Exercise goal: In the records below, find the line that contains "Impeach Humdinger Stars" and the line that contains "Nike Dunk Low"; write out exactly those two lines and everything between them, without the pictures.

Source data:
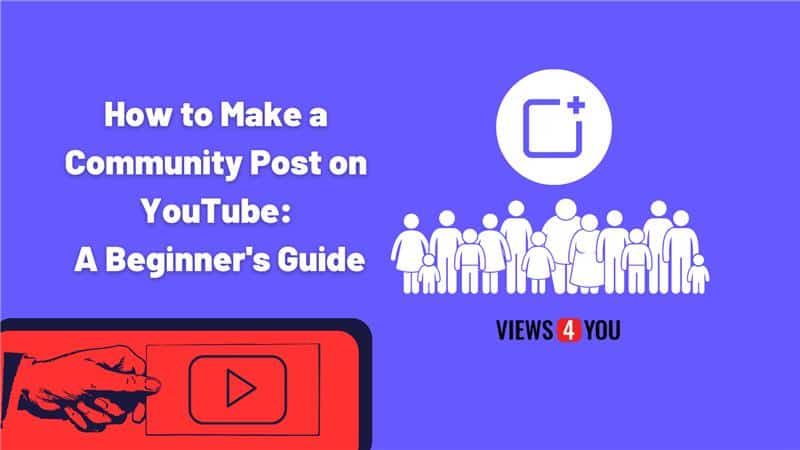 How to Make a Community Post on YouTube from Scratch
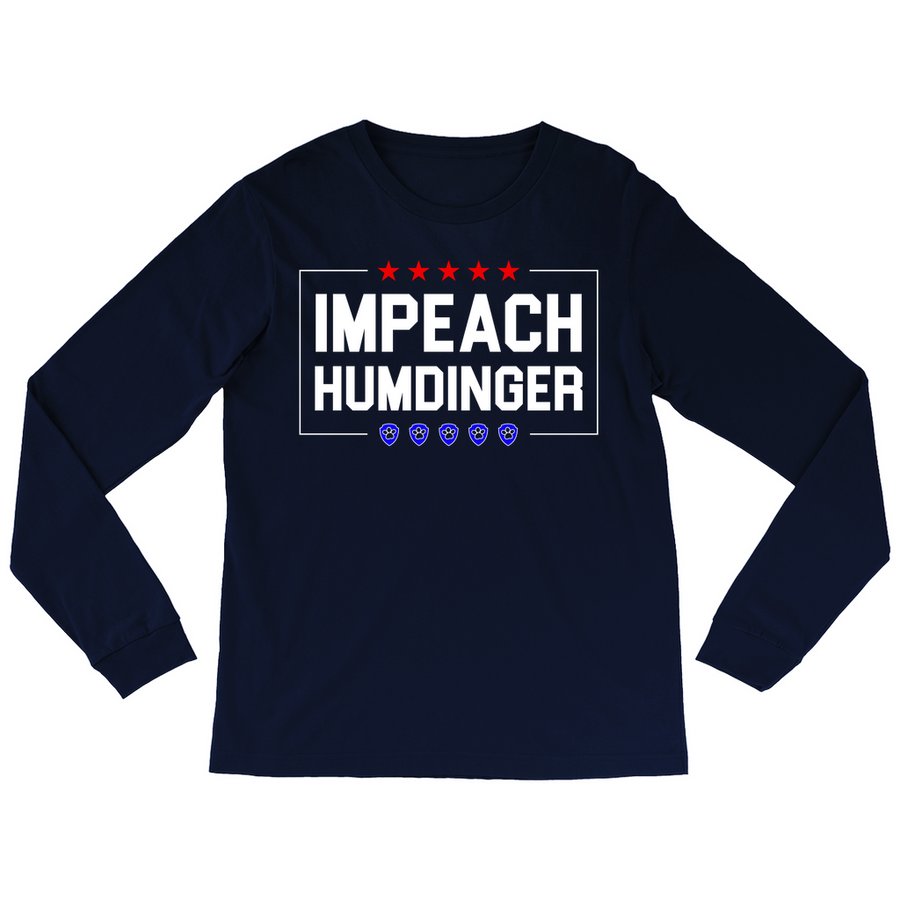 Impeach Humdinger Stars and Paws Long Sleeve Shirt (Adult Men or Unisex)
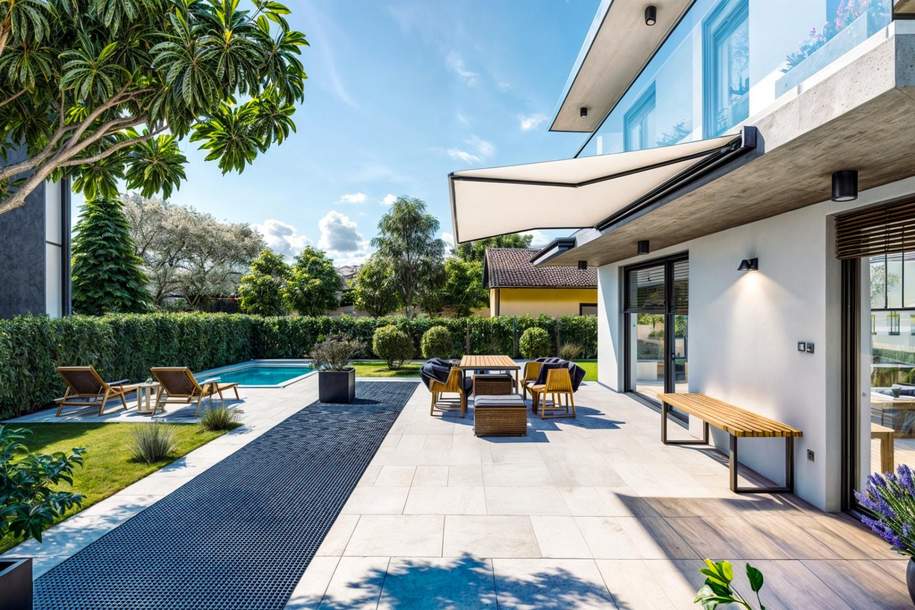 Wohnen im Grünen mit Pool – Ihr privater Rückzugsort in 1210 Wien, Haus-kauf, 799.000,€, 1210 Wien 22., Donaustadt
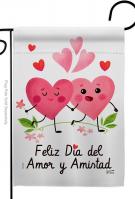 Feliz Dia Del Amor Garden Flag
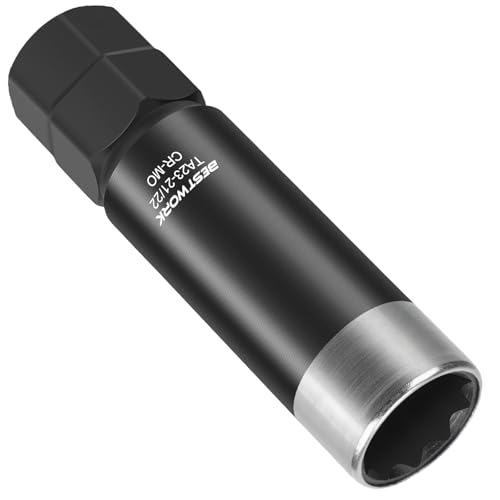10 Spline Lug Nut Key, for TA23-21/22 10 Point Lug Nut Socket | Compatible with Bimecc 10 Spline Lug Nut Socket, Double Layer Reinforcement, Dual Hex Drive, CR-MO Steel - size: TA23-21/22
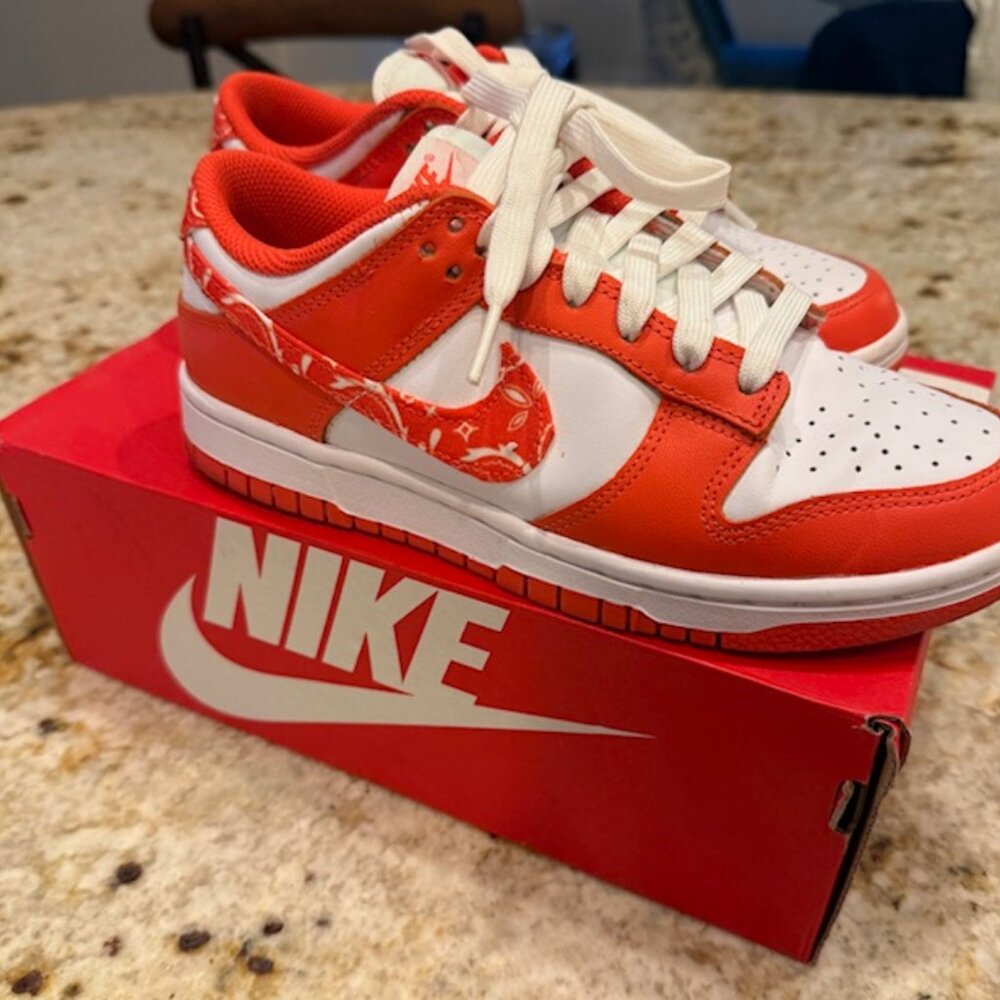 Nike Dunk Low Essential Paisley Pack Orange Women's 6.5 DH4401-103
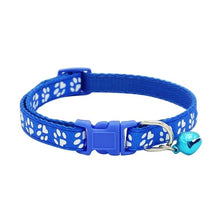 Load image into Gallery viewer, Pet Collar Dog Cat pet Accessories Footprint Safety Adjustable Nylon Leash Collars with Bell Pet Accessories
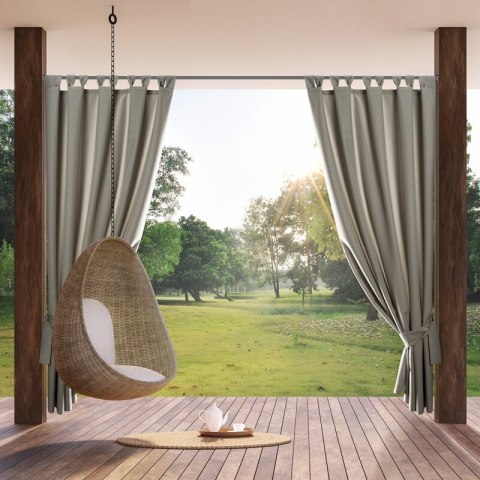 Zasłona gotowa 155x260 Garden beżowa do ogrodu wodoodporna mocowana na szelki/rzep Eurofirany Zasłona gotowa 155x260 Garden beżowa do ogrodu wodoodporna mocowana na szelki/rzep Eurofirany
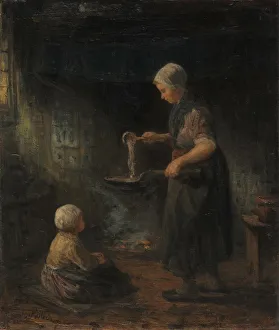 The Pancakes, c. 1875. Creator: Jozef Israels (Dutch, 1824-1911)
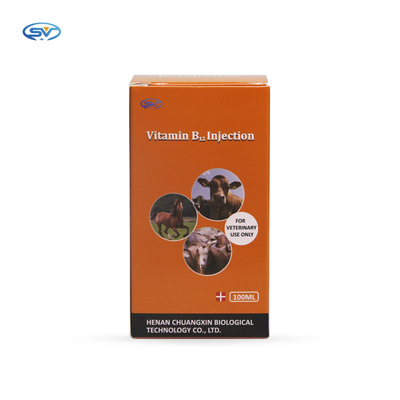 Drogas inyectables veterinarias de la vitamina B12 para el uso del ganado y de las aves de corral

Reply:
 Impeach Humdinger Stars and Paws Long Sleeve Shirt (Adult Men or Unisex)
 Wohnen im Grünen mit Pool – Ihr privater Rückzugsort in 1210 Wien, Haus-kauf, 799.000,€, 1210 Wien 22., Donaustadt
 Feliz Dia Del Amor Garden Flag
10 Spline Lug Nut Key, for TA23-21/22 10 Point Lug Nut Socket | Compatible with Bimecc 10 Spline Lug Nut Socket, Double Layer Reinforcement, Dual Hex Drive, CR-MO Steel - size: TA23-21/22
 Nike Dunk Low Essential Paisley Pack Orange Women's 6.5 DH4401-103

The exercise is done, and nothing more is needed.